This past week has been a great example of something that I find utterly… itch-inducing about college: the simultaneous dragging-on and obliteration of time. I spend most of my time worrying about things that are far enough in the future that I cannot do anything about them (family health issues, my post-grad employment prospects, registering for classes in six weeks when the course atlas isn’t even out) while also freaked out about the things that are approaching faster than I want them to (the timeframe to write my 100-page thesis, the end of the weird cocoon of the last few months, registering for classes in six weeks because the course atlas isn’t even out). Time–at least for me–never, ever passes normally in college. As a result of my particular cocktail of neuroses, this means that I’m pretty constantly anxious about projects that exist in the collegiate timeframe.
I realize that this is a weakness, but I really love short-term projects where I control a large part of the process. I like having a clear beginning and end date and am happy forging a path to connect the two. But when we get to something like my honors thesis–a 100-page document of original research which I have to have written and defended by mid-April–I’m at a loss. It’s a huge project! I want to be working on it so it can be done by February!
But I can’t: I have to wait for IRB approval for the next month, and collect the literature review, and write each of my little chapters (for which I have to wait until the research is done). I have lots to do and no ability to do any of it–and I know that I will be weeping about my overload come February.
Well, at least, I think I do. I know that’s what everyone says will happen. The flip side of my desire to plough through things in small, consistent, uninterrupted chunks (the origin of my anxiety about long-term, multi-part projects) is that I tend to do things well in advance. I’m at a constant low level of anxiety, but it never peaks. It just hovers like that and things… work out.
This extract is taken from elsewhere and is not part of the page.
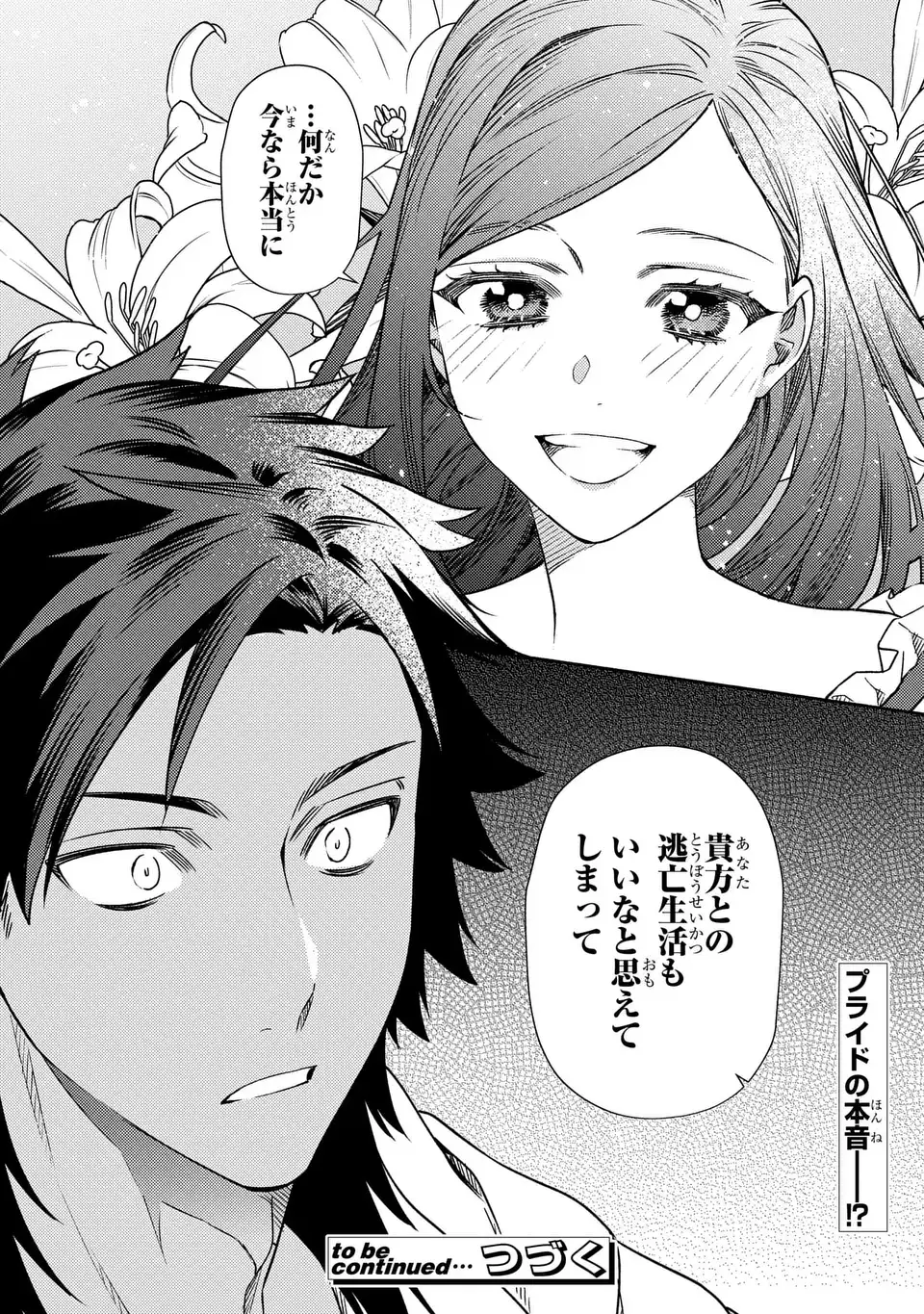 Higeki no Genkyou to Naru Saikyou Gedou Last Boss Joou wa Tami no Tame ni Tsukushimasu. The Savior's Pride Chapter 3 24ページ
I can’t decide if I’d prefer some other pattern, as this is the one that I’ve been in since I started college. In high school, my life was governed by the rhythm of a monthly newspaper production cycle, and so there was never any sudden surge to the finish line–each week had its part, and though some were rougher than others they were fairly predictable. I kept cranking, and when each issue was published I started again. The production cycle was short enough and controlled enough by me that I never had the same sort of anxiety that I have now with the thesis.
It is, of course, totally possible that I was this anxious in high school and have repressed it. For reasons that mystify me, I really don’t remember very much about large portions of high school. I know that I had huge emotional peaks and troughs in short periods of time (both because I’ve seen it confirmed in photos and old gchats and because I was 16 and that’s how 16-year-olds work), but I truly don’t remember most of it.
I was in the car today and I was trying to remember who I ate lunch with during my freshman year of high school, and realized that I couldn’t. I know that these things meant a huge amount to me at the time, and I can’t remember them now. I assume that this thesis stress will be the same in four years in my memories.
I think this weird holding pattern will continue until I leave Atlanta. There are too many competing parts of my life in too small a chunk of space, and it makes me itchy. I love the city, but at the very least I need to move to a different chunk of it post-grad. I’m a little bit done with this particular five-mile patch of earth.